*** Extracted records Section Begins ***
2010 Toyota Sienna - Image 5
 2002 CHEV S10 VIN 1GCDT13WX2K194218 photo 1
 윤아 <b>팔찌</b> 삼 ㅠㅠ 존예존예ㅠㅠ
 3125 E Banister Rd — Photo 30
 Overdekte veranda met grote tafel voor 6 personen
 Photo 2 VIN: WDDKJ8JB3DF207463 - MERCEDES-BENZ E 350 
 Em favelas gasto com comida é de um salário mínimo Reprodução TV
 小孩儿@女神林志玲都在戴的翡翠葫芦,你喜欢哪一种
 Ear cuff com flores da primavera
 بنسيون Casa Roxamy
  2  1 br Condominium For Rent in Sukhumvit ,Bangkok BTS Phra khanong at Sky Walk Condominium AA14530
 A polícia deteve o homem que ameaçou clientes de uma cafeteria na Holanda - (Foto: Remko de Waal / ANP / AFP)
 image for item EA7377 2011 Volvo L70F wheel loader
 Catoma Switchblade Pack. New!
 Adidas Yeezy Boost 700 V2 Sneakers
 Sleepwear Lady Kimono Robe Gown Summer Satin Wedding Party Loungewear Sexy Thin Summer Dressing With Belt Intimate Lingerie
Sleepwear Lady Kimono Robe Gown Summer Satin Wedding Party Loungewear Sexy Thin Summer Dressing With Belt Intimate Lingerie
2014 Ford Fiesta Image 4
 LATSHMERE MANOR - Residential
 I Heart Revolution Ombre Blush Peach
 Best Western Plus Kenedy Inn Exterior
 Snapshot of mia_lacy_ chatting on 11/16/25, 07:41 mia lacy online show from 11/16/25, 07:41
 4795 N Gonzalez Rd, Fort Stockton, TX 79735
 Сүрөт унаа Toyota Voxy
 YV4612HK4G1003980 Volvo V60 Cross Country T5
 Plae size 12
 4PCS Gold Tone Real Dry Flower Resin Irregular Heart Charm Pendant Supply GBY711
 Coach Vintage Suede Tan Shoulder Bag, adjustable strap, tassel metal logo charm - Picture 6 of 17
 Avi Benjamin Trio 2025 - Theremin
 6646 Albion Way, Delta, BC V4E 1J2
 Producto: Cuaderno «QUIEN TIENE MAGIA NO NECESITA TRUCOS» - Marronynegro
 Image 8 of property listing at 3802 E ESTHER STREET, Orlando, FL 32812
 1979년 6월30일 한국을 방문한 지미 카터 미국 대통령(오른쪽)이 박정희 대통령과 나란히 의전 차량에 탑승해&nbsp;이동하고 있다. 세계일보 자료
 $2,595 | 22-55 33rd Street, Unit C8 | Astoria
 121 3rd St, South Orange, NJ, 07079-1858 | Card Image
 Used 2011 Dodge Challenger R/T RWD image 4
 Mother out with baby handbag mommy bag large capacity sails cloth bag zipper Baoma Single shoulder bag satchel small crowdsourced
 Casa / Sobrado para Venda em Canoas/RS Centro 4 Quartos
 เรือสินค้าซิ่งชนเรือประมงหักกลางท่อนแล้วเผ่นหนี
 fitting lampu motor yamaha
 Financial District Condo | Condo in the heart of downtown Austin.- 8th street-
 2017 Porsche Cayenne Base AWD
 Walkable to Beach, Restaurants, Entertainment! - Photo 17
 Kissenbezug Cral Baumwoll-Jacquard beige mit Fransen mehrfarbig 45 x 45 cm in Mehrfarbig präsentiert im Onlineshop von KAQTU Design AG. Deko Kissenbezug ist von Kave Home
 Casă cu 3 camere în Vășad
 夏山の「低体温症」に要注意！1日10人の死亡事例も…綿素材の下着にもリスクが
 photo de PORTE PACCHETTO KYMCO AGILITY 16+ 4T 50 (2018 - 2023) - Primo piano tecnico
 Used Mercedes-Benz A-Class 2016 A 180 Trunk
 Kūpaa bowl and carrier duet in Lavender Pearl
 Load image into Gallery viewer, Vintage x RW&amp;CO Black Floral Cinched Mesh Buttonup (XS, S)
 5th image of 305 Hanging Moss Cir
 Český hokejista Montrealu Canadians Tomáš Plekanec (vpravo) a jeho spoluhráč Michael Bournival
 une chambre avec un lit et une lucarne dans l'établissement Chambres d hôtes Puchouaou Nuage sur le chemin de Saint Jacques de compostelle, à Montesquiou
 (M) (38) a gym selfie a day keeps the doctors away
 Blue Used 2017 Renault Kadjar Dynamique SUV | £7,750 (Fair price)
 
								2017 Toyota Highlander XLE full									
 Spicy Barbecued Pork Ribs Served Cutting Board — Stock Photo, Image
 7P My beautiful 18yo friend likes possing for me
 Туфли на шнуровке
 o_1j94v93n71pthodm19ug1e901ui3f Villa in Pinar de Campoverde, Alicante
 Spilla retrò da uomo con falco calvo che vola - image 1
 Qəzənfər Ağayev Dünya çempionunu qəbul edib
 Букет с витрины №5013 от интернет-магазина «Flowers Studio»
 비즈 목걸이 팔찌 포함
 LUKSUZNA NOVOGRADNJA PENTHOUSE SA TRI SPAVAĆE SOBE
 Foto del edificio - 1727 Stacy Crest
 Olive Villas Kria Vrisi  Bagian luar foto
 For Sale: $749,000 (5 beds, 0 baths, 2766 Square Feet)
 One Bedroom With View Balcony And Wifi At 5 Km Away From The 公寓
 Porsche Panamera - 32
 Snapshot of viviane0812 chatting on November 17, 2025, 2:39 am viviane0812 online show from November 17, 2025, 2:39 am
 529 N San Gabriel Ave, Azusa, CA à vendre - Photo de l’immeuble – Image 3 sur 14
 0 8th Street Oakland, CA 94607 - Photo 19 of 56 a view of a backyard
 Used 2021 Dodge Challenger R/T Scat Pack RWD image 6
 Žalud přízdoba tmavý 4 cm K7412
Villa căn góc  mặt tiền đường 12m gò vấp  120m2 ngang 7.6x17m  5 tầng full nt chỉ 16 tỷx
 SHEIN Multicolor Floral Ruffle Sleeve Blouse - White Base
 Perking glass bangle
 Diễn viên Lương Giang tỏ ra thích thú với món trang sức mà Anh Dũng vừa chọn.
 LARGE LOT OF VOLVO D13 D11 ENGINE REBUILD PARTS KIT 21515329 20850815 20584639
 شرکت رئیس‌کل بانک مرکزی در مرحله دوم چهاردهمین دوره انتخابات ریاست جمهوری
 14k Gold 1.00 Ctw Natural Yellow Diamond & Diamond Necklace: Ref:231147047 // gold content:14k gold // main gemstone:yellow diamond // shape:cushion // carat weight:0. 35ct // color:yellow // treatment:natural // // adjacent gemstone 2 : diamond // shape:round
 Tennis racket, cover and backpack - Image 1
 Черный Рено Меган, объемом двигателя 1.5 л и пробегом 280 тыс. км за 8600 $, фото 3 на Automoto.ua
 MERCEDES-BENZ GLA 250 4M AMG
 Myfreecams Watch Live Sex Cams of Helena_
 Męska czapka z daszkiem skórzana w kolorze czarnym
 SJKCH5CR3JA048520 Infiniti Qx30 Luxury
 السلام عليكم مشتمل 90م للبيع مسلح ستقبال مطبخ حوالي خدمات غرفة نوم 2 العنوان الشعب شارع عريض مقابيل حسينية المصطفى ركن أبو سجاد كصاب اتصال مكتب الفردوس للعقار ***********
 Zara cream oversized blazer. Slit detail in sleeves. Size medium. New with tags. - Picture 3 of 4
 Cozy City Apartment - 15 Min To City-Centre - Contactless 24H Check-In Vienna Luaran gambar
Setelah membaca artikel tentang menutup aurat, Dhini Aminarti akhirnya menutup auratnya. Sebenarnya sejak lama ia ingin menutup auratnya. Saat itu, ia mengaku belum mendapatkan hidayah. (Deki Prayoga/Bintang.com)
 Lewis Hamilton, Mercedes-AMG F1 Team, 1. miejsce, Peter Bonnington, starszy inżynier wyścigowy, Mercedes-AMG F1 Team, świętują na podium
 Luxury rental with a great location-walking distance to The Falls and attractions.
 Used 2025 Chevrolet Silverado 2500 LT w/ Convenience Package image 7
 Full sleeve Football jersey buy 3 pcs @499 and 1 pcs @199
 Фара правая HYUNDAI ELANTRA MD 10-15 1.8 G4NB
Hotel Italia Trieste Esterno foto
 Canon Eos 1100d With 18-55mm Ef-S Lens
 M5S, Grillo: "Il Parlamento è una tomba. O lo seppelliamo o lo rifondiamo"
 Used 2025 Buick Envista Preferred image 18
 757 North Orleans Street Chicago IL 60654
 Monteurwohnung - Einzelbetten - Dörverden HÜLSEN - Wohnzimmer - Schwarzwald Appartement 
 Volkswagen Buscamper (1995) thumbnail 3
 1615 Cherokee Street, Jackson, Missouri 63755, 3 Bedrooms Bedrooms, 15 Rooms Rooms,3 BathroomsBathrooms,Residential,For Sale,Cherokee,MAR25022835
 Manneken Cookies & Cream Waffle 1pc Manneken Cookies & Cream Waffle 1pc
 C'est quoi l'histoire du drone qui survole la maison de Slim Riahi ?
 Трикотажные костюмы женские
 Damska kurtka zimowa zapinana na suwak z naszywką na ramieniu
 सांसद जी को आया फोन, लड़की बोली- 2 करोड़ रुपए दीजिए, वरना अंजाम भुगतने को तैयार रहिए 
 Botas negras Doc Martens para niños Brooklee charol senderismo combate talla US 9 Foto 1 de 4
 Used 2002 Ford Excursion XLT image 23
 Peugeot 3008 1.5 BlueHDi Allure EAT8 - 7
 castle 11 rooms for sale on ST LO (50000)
*** Extracted records Section Ends ***
### Exercise aim
Please copy the lines above from the line with "윤아 <b>팔찌</b> 삼 ㅠㅠ 존예존예ㅠㅠ" up to and including the line with "Walk Condominium AA14530", exactly as written and with nothing else.

### Response to this task
 윤아 <b>팔찌</b> 삼 ㅠㅠ 존예존예ㅠㅠ
 3125 E Banister Rd — Photo 30
 Overdekte veranda met grote tafel voor 6 personen
 Photo 2 VIN: WDDKJ8JB3DF207463 - MERCEDES-BENZ E 350 
 Em favelas gasto com comida é de um salário mínimo Reprodução TV
 小孩儿@女神林志玲都在戴的翡翠葫芦,你喜欢哪一种
 Ear cuff com flores da primavera
 بنسيون Casa Roxamy
  2  1 br Condominium For Rent in Sukhumvit ,Bangkok BTS Phra khanong at Sky Walk Condominium AA14530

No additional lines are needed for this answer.